DATA EXTRACTS |
-- Opening Marker --

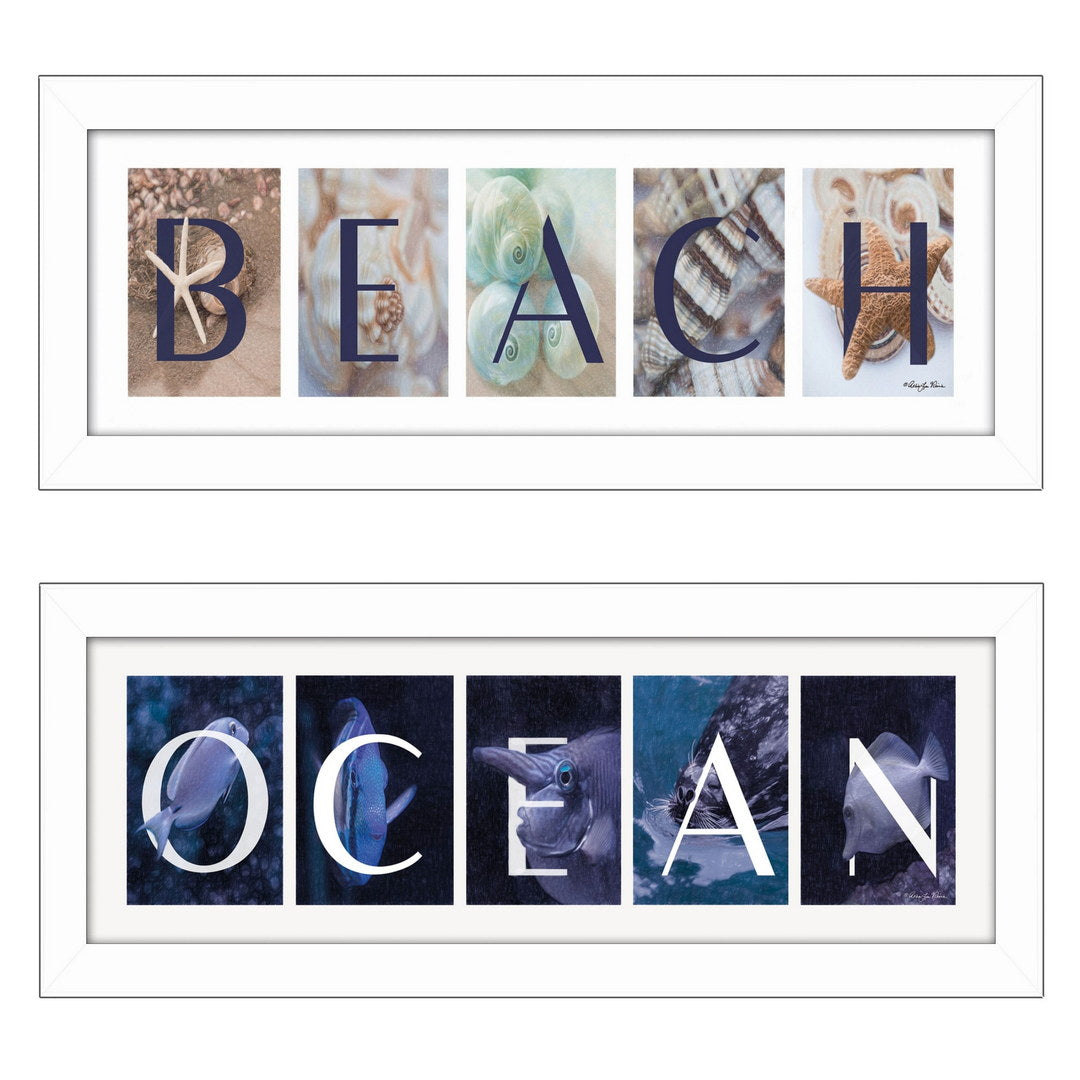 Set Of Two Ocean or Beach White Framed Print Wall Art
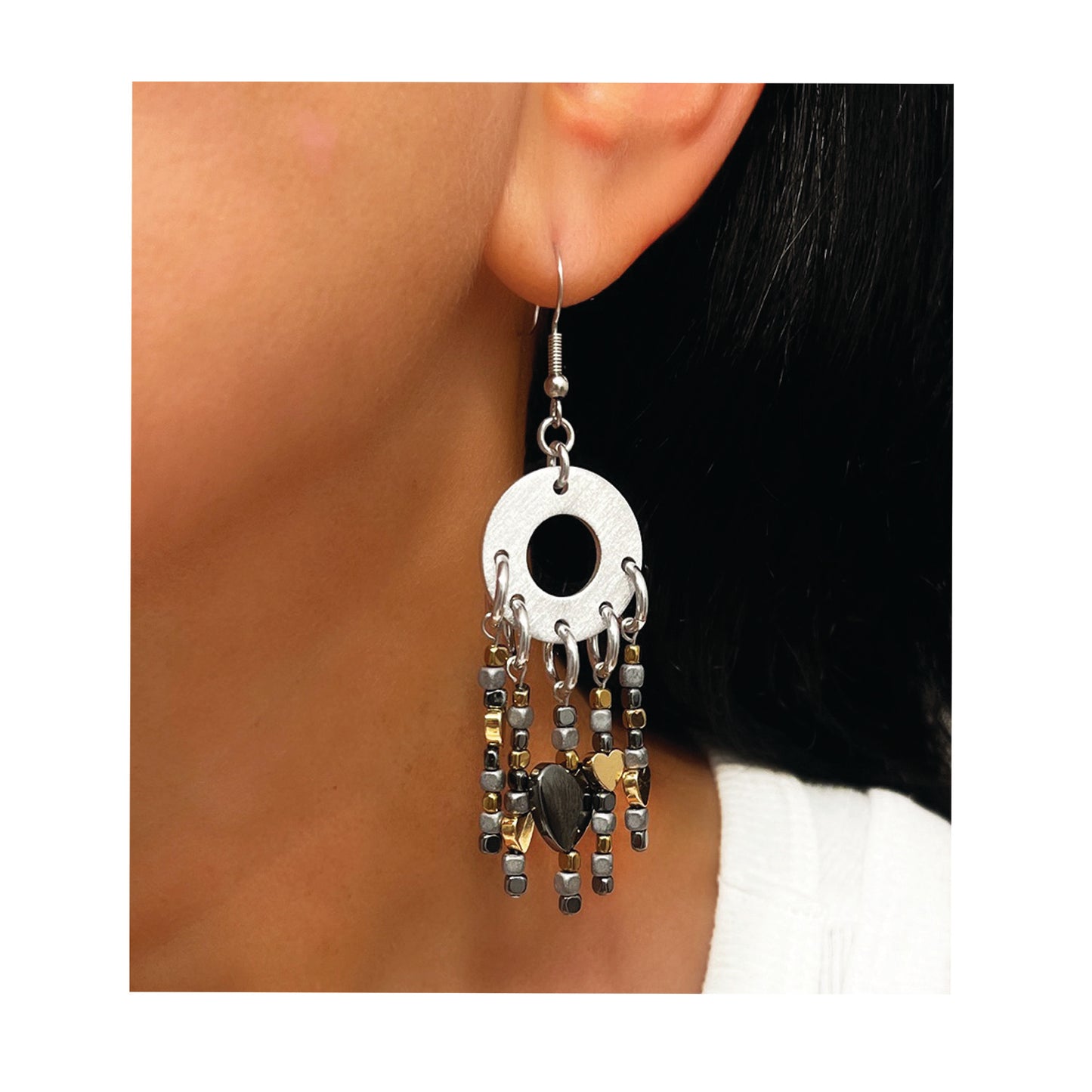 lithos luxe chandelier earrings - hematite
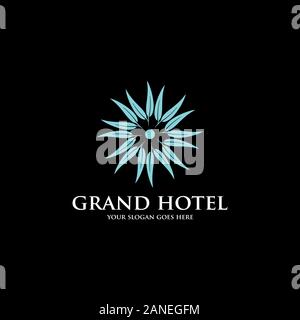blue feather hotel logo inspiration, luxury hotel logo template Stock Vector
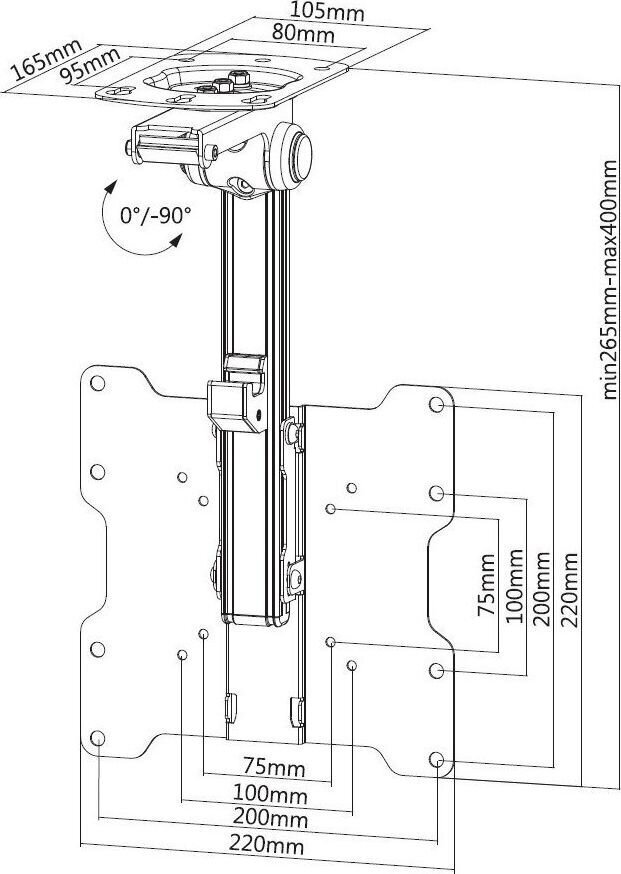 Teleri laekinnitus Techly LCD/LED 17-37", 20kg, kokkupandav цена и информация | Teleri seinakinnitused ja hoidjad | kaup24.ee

-- Closing Marker --
-- Opening Marker --

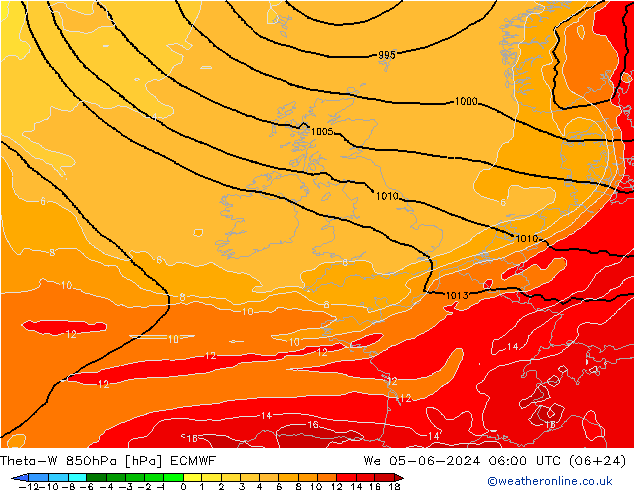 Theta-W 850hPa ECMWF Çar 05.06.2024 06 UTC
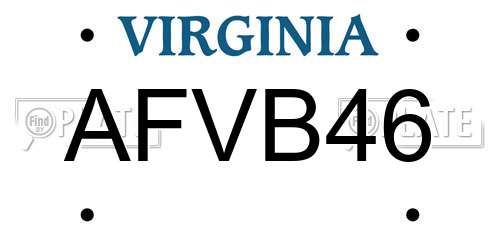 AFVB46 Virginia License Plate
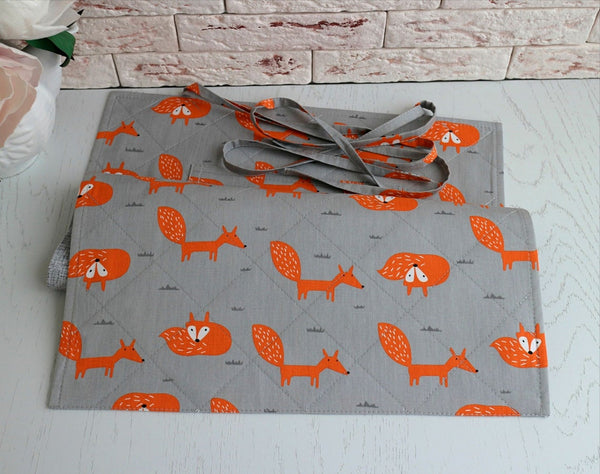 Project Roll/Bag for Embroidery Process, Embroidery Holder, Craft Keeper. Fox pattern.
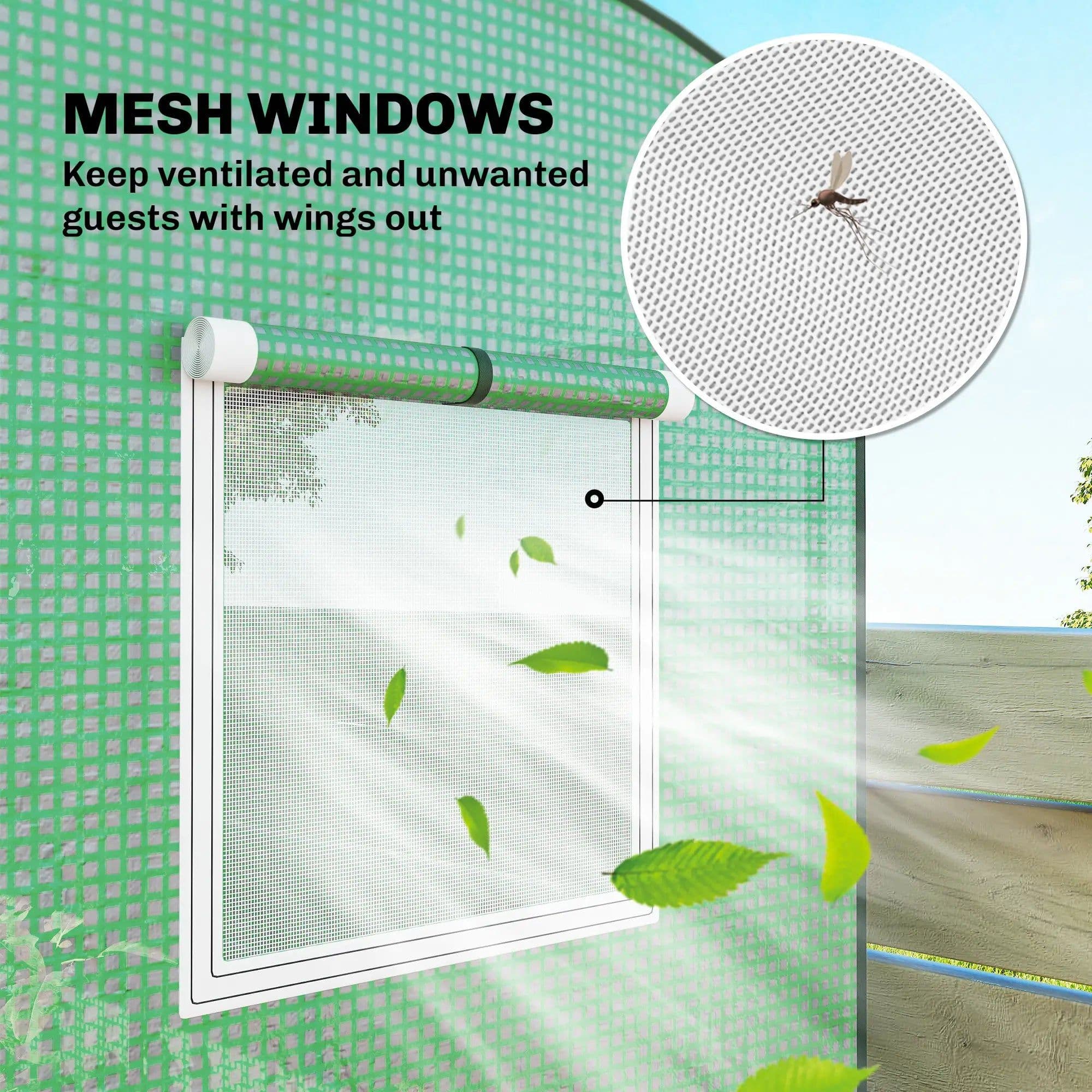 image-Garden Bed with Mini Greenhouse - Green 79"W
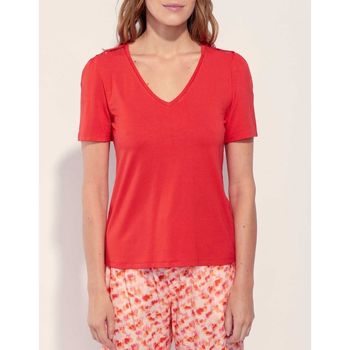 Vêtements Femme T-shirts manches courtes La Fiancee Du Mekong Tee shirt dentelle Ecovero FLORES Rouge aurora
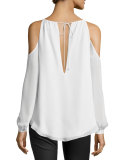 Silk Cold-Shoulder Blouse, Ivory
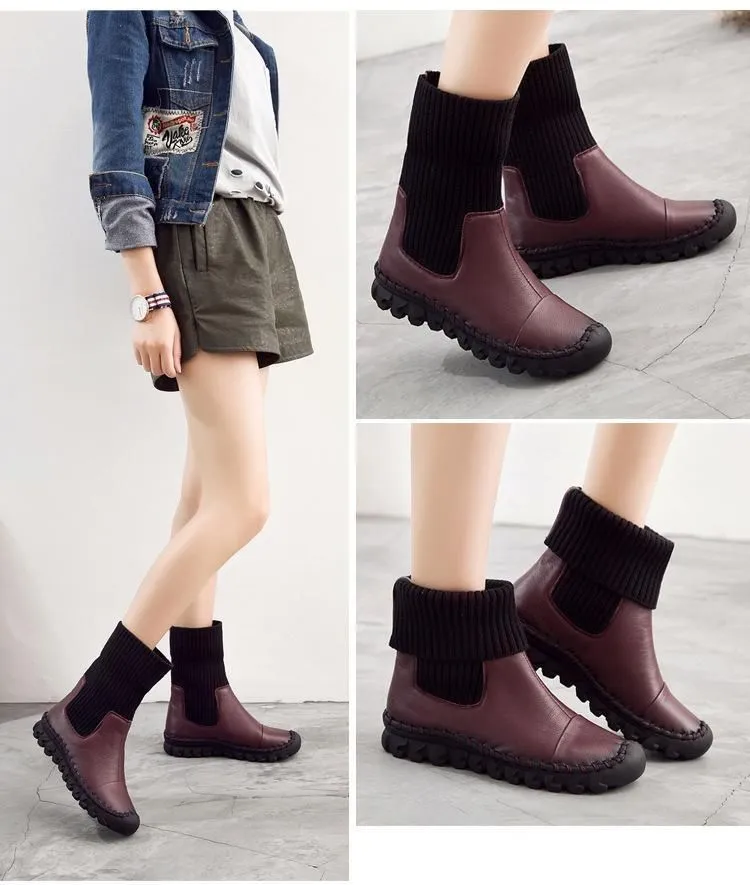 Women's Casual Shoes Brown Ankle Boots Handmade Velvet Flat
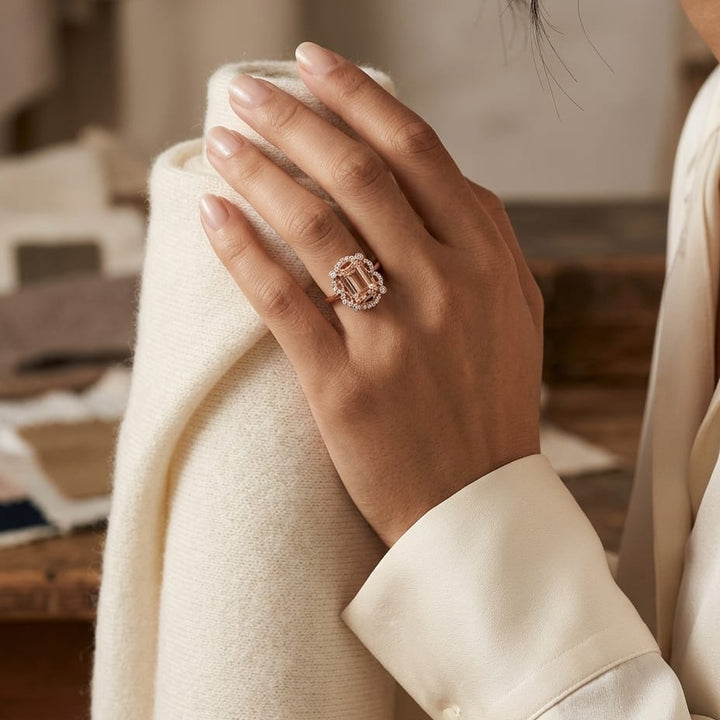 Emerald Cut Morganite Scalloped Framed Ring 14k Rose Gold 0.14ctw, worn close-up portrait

-- Closing Marker --

EXERCISE AIM | Look above for the line with "image-Garden Bed with", then give again exactly every line from there through the line with "Emerald Cut Morganite", skipping the pictures.

SOLUTION FOR THIS TASK |
 image-Garden Bed with Mini Greenhouse - Green 79"W
 Vêtements Femme T-shirts manches courtes La Fiancee Du Mekong Tee shirt dentelle Ecovero FLORES Rouge aurora
 Silk Cold-Shoulder Blouse, Ivory
 Women's Casual Shoes Brown Ankle Boots Handmade Velvet Flat
 Emerald Cut Morganite Scalloped Framed Ring 14k Rose Gold 0.14ctw, worn close-up portrait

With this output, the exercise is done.